■ EXERCISE OBJECTIVE:
Return only the lines below starting at the line containing "Bike、樂天世界+水族館、樂高樂園、Zoolung Zoolung 室內動物園" and ending at the line containing "Bathroom - Beaconsfield Hotel (London)", both included, exactly as they are and with no pictures.

■ MATERIAL FOR THIS TASK:
_____

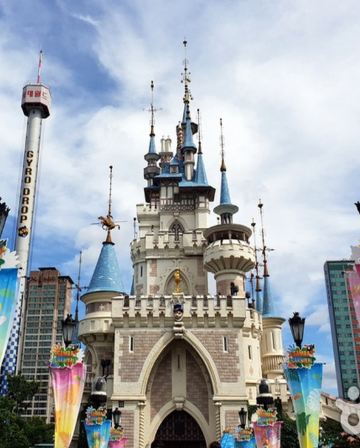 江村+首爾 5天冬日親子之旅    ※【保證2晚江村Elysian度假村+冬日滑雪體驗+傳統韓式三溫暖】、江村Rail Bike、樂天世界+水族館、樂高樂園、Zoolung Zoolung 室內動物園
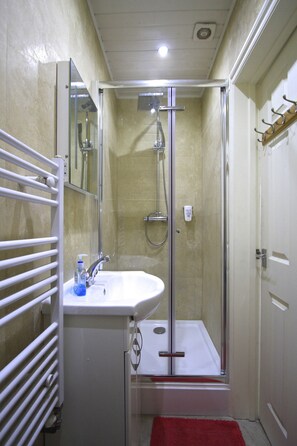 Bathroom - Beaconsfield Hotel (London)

_____

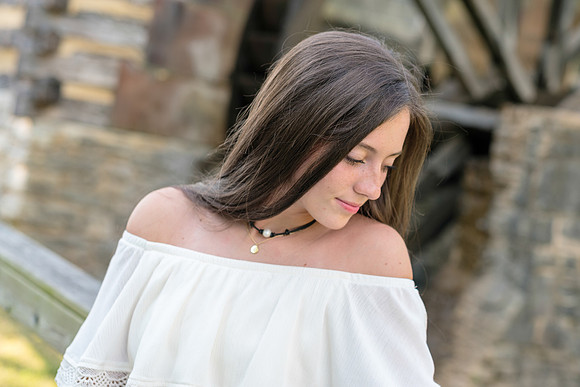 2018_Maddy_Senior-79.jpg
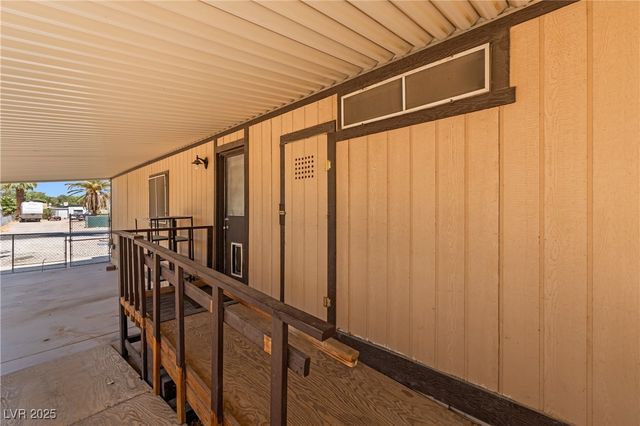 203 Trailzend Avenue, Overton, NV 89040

_____

■ ANSWER SPACE:
 江村+首爾 5天冬日親子之旅    ※【保證2晚江村Elysian度假村+冬日滑雪體驗+傳統韓式三溫暖】、江村Rail Bike、樂天世界+水族館、樂高樂園、Zoolung Zoolung 室內動物園
 Bathroom - Beaconsfield Hotel (London)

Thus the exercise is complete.